Table 2: Socio-Economic Status
Majority of patient were from low socio economic group. Almost 50% of patients belonging to class IV and V. A study by Booth et al suggested – socioeconomically deprived populations, the prevalence of IDA between 6 and 24 months varies between 25 and 40%.26 A study by Khan et al indicates that IDA was more in low per capita monthly income. 60.9% patient were having IDA.32 Table 3: Symptomatology in ida
Pallor is the most common presenting symptom in 84 cases. Fever is seen in 55 cases explained because of infections. Total 64 patients had CNS symptoms. Among them, 37 cases presented with cognitive changes in form of lethargy, decreased attention span, poor scholastic performances and less able to concentrate. 27 cases had irritability. 12% patient had history of delayed development in our study. History of pica was present in 26% patients. Out of these 26 patients, 19 patients (73%) were presented with severe anemia. Study done by Agarwal et al11 had detected pica in 31% patients and worms in stool in 12% patients. History of worms in stool were present in 17% patients. Most of the worms in stool were hookworms. It is known that each worm is capable of drawing 0.03 ml to 0.2 ml of blood / per day per worm.6 Table 4: Causative Factors and IDA
14% of patients were preterm delivered with low birth weight. Prematurity contributes to iron deficiency as there is less storage of iron in premature babies. Premature infants are in the shallow end of iron storage pool and can develop iron deficiency sooner than their full term contemporaries. 17% of patient had h/o. blood loss in form of worm infestations.

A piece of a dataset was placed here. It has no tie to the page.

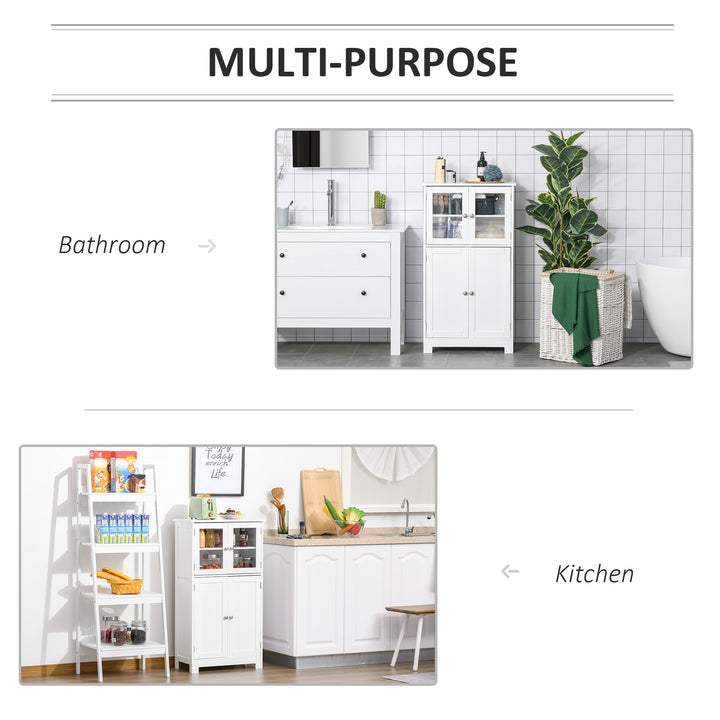 Modern Storage Organizer Cabinet w/ Glass Doors, Shelf for Bathroom, Kitchen, Bedroom - White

Table 5: Diet in Iron deficiency anemia
Out of all causative factors 69% had IDA due to nutritional problem. These nutritional factors are mostly due to h/o. bottle feeding, prolonged BF, and in vegetarian diet, 45% of patients had h/o. bottle feeding. These children are bottle fed and also top fed given cow's milk. Infants who are younger than 12 months of age and are fed cow milk develop iron deficiency because of poor iron bioavailability and occult blood loss that frequently associated with protein losing enteropathy. Feeding of whole cow's milk should be avoided during the first year of life because it may cause occult gastrointestinal bleeding.2516% patient had h/o. prolonged breast feeding. Prolonged breast feeding considered after 2 years of age. None of them were provided with any iron supplementation in their feeding. Only 14% of patient who were exclusively breast fed had IDA. However breast feeding does not reliably protect against iron deficiency after 6 months of age. Table 6:
PEM was present in 88 (88%) cases, in which FTT in 10 cases (11%), under nutrition in 9 cases (10.5%), Grade I, II, III, IV were 20%, 22%, 18% and 17% respectively. Study done by Khan et al indicates that undernutrition was seen in 31.9% of IDA patients. Most common morbidity observed in study is respiratory tract infections in form of viral tonsillopharyngitis, bronchiolitis, pneumonia, empyema etc. 28% patients presented with RTI. 11% had moderate and 16% had severe IDA. 2nd most common disease was acute gastroenteritis. 25% patients had AGE. Out of that 12% had moderate and 12% severe IDA. Malaria was seen in 23% patients. 21% malarial patients presented with severe IDA.